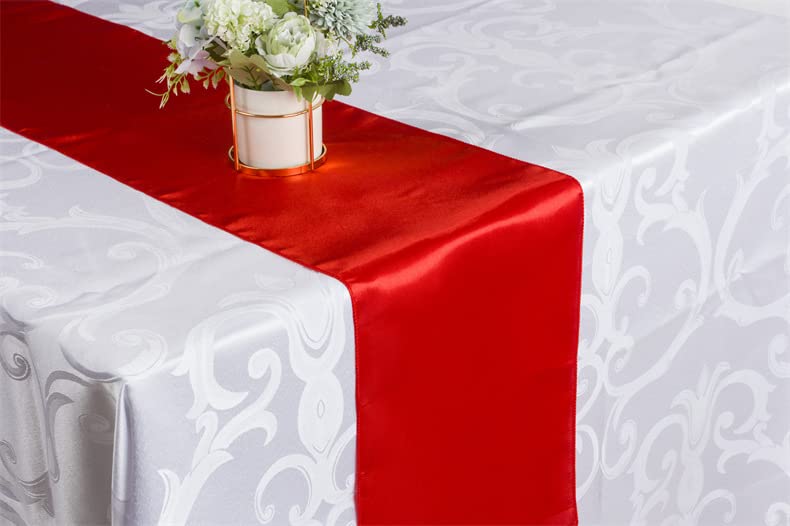 Foto 7 | Cinta Yycraft De Tela Satinada De 15 Cm De Ancho Y 20 M De Largo, Color Rojo - Venta Internacional.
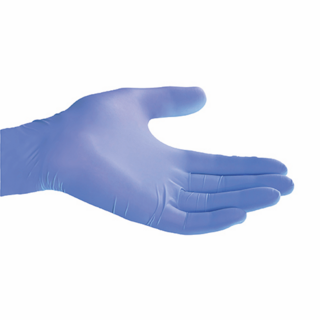 Nitrile Biodegradable Gloves Blue MEDIUM - Selfgard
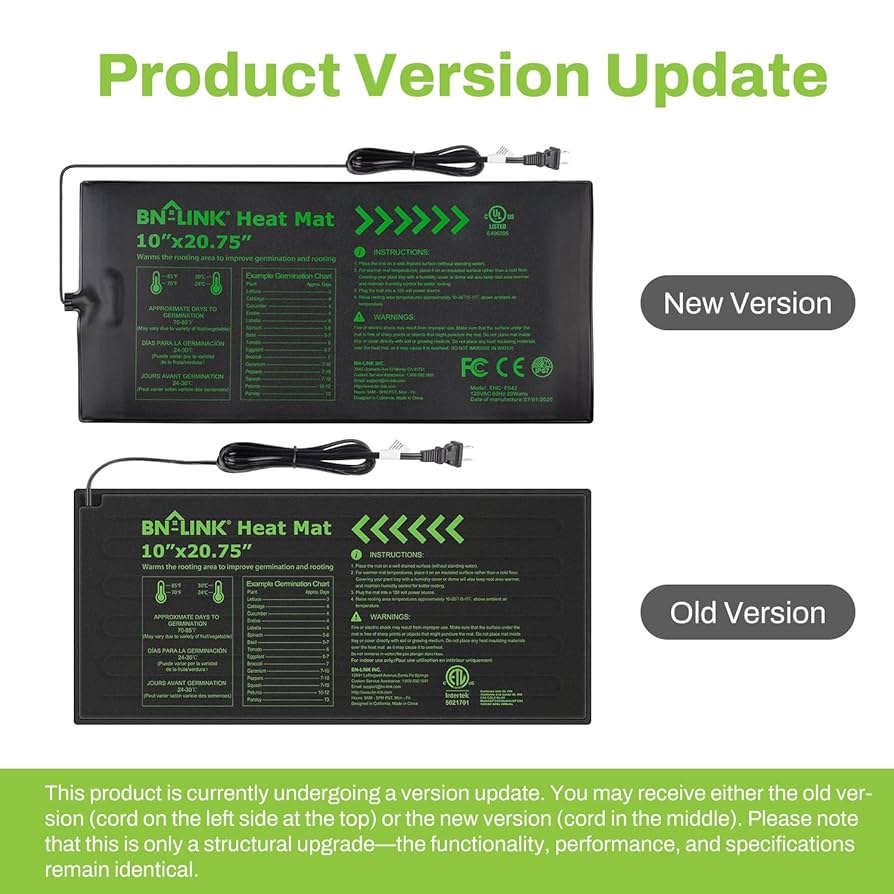 Reptile Heating Pad BN-LINK Seedling Heating Pad 20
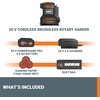 image:imageWORX Cordless Sander 20V 10000 orbitsminute Electric Sander 5in1 Functions Toolless Sanding Pad Change 20 V 20 Ah Battery and Charger Included PowerShare20V Brushless Cordless Random Orbital SandersBattery  Charger Included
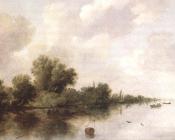 River Scene - 萨洛蒙·凡·雷斯达尔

* _What you have to do_: With the pictures stripped out, return each record word for word.

* _Answer space_:
 Foto 7 | Cinta Yycraft De Tela Satinada De 15 Cm De Ancho Y 20 M De Largo, Color Rojo - Venta Internacional.
 Nitrile Biodegradable Gloves Blue MEDIUM - Selfgard
 Reptile Heating Pad BN-LINK Seedling Heating Pad 20
 image:imageWORX Cordless Sander 20V 10000 orbitsminute Electric Sander 5in1 Functions Toolless Sanding Pad Change 20 V 20 Ah Battery and Charger Included PowerShare20V Brushless Cordless Random Orbital SandersBattery  Charger Included
 River Scene - 萨洛蒙·凡·雷斯达尔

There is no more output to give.